Why and How to Encourage Whistleblowing in Your Workplace
Our law (in the form of the Protected Disclosures Act) encourages employees to disclose unlawful or irregular conduct in their workplaces without fear of reprisal.
Why encourage it?
“3 Reasons Why Whistleblowing is Important for Public and Private Companies” on the Compliance Line website here suggests that employers should actively encourage their employees to “whistleblow” because –
- “The majority of fraud is captured through Whistleblowing”. It should be one of your frontline protections against financial loss from criminal activity.
- “Whistleblowers are often close to the action and have the most important information”.
- “Whistleblowing helps align people so the organization can pursue its vision and mission”. You are in essence protecting your business from two serious risks – reputational damage and the negative consequences of corporate non-compliance.

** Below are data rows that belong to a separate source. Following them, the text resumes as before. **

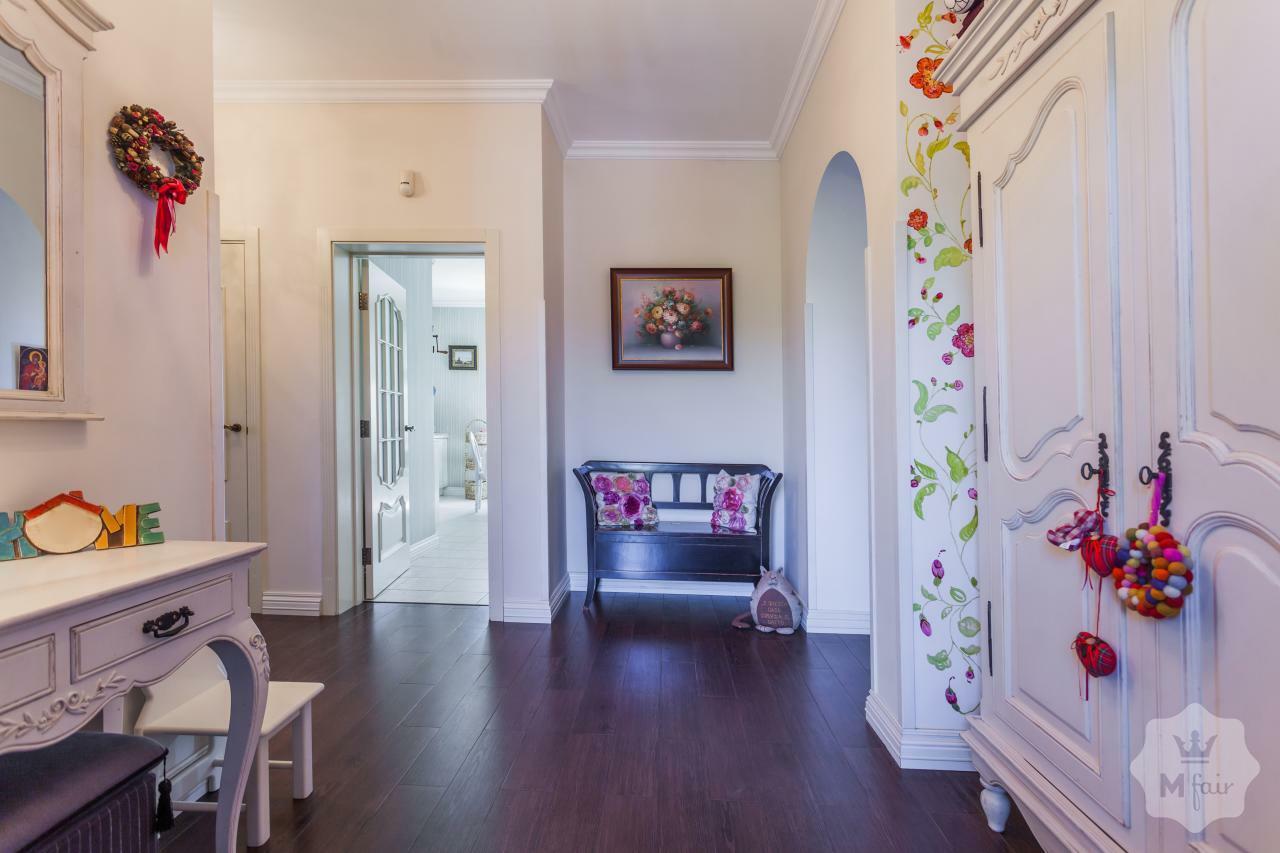 Продажа современный дома под Киевом в с. Святопетровское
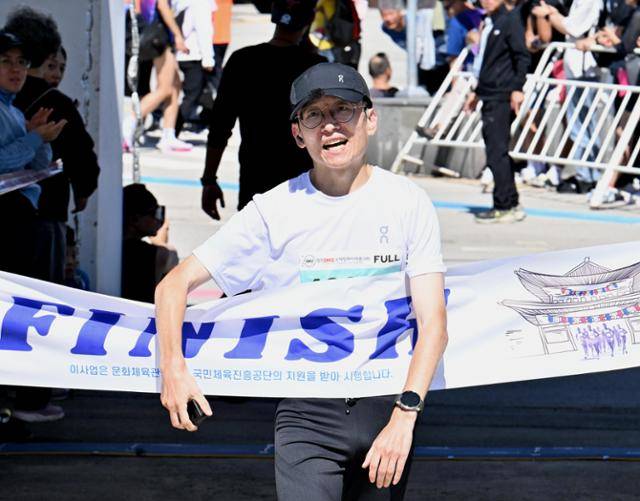 유문진씨가 21일 열린 '제22회 철원DMZ국제평화마라톤대회' 남자부 풀코스 부문 1위로 결승선을 통과하고 있다. 철원=왕태석 선임기자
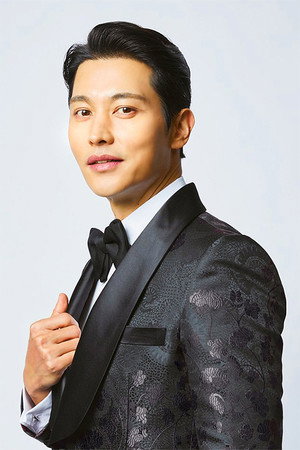 Song Jong-ho portrait
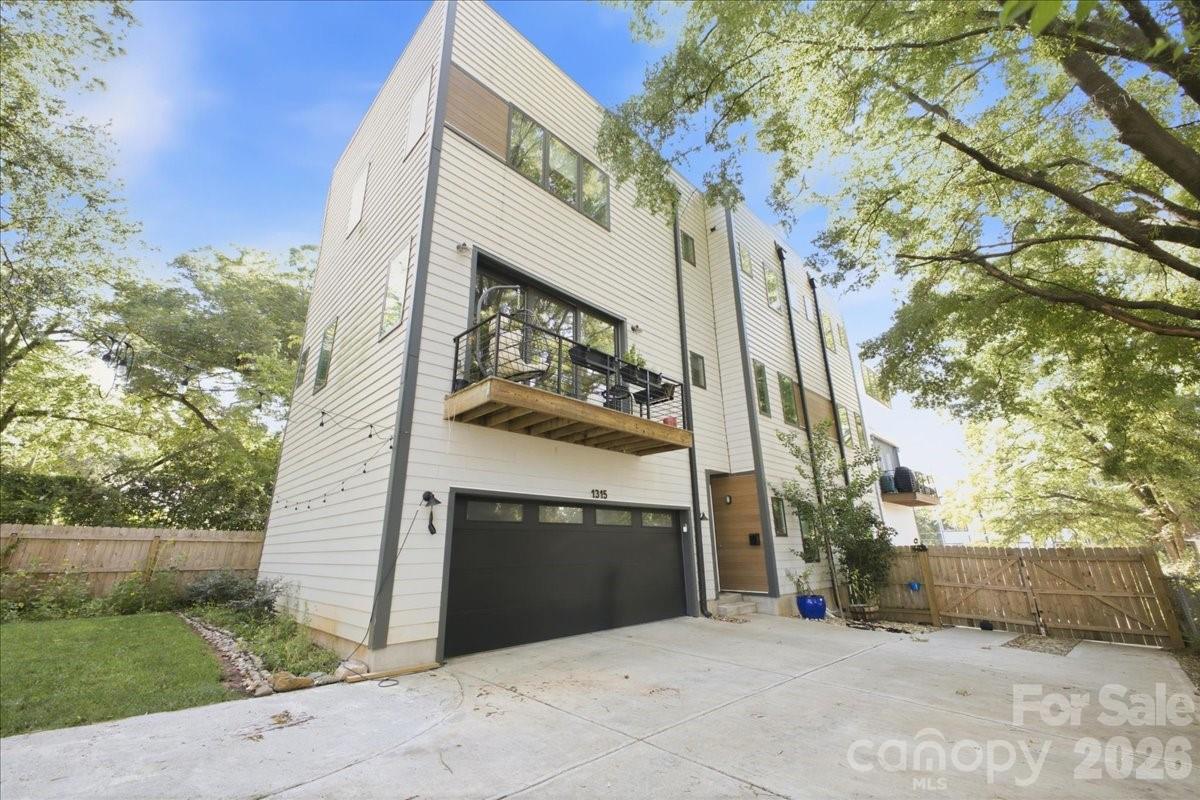 1315 N Davidson Street Property Photo 2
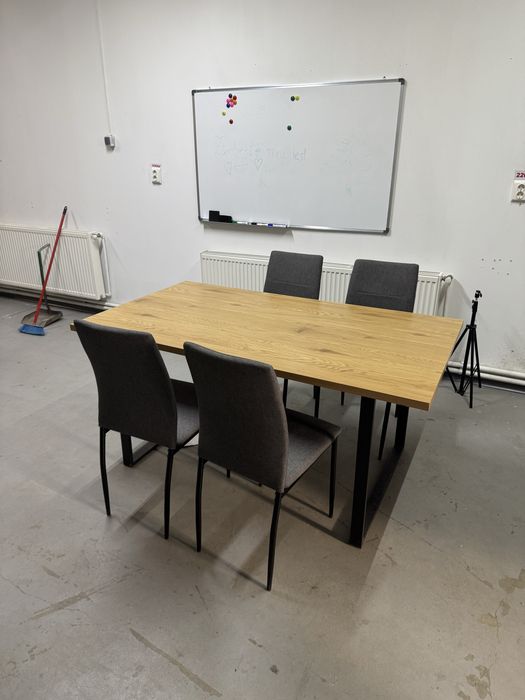 Masă cu 4 scaune, modernă, stare buna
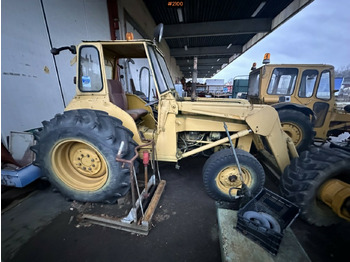 Traktori MASSEY FERGUSON 200 series
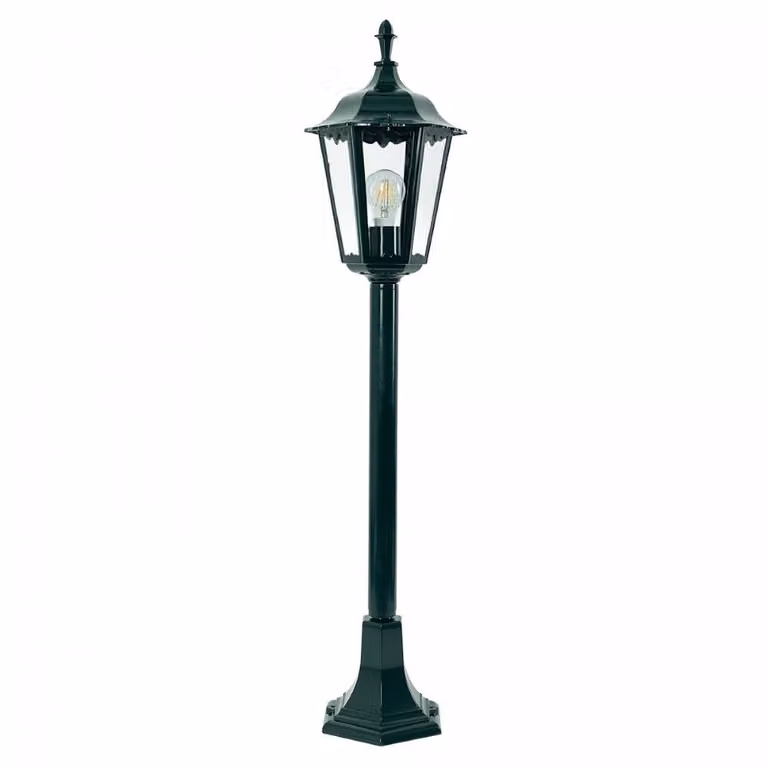 Klassieke Ancona tuinlamp van KS Verlichting in het groen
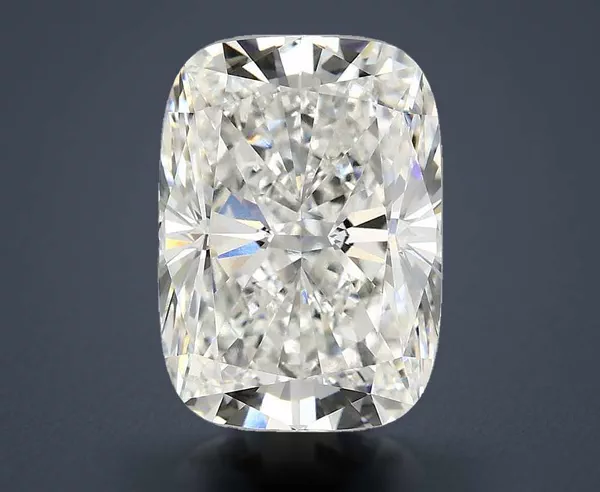 4.67 Carat · G · VVS2 Rare Carat Ideal Cut
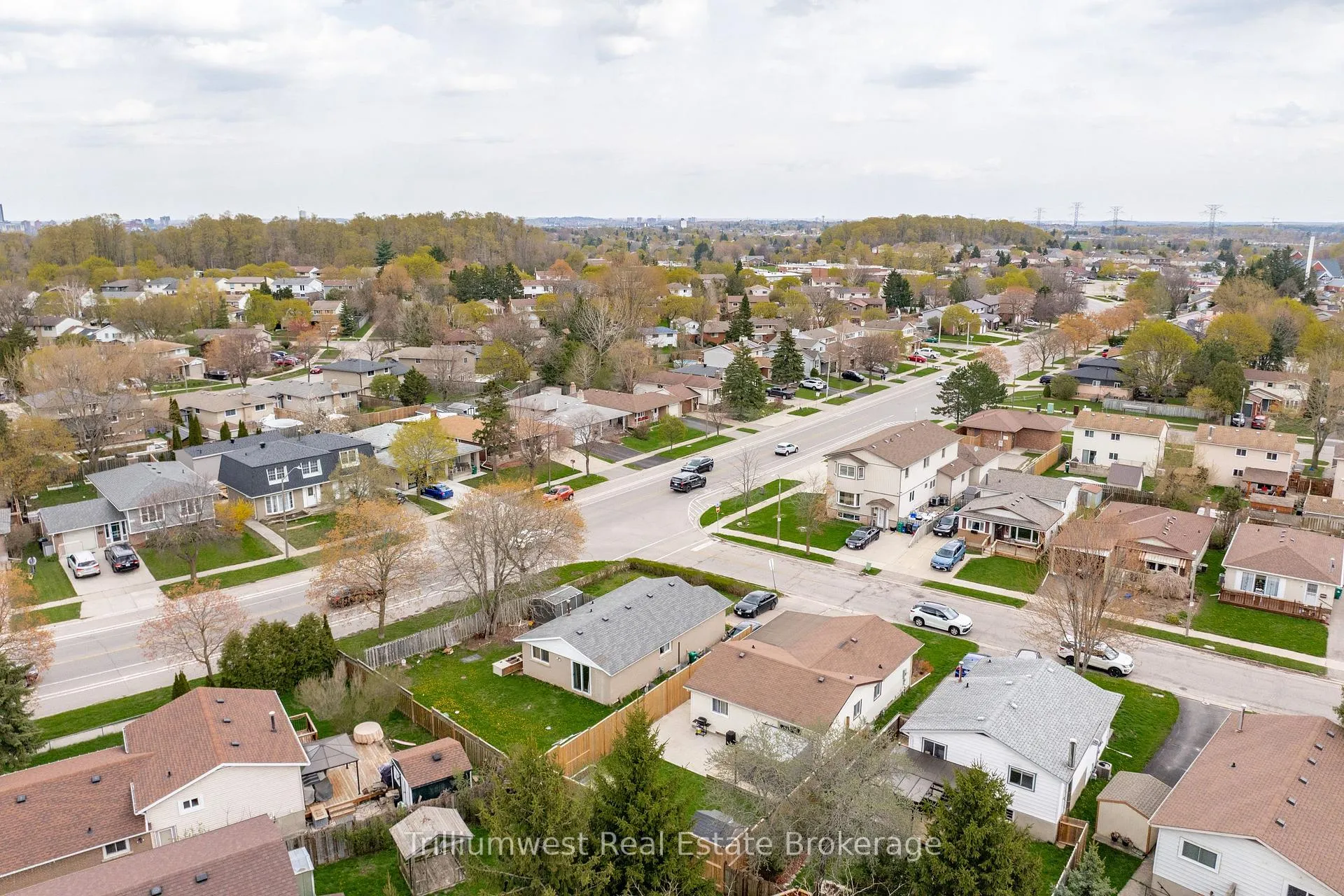 Photo 43 of 6 Broken Oak Crescent, Kitchener, Forest Heights — HOMEH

Lockdown has subjected businesses and their employees to unusually high levels of stress – financially and generally. That is bound to expose companies to new and greater risks of unlawful conduct and loss, and with that comes an increased need to protect yourself and your business from those risks.
And how to encourage it?
“How to make whistleblowing work” on the Good Corporation’s website brings together multiple suggestions on how to create a successful whistleblowing system, whilst a whistleblowing platform like Code Red (“designed in accordance with the King IV code on corporate governance which encourages ethical business leadership and organizational culture”) or Whistle Blowers makes it easy to encourage effective and anonymous online reporting.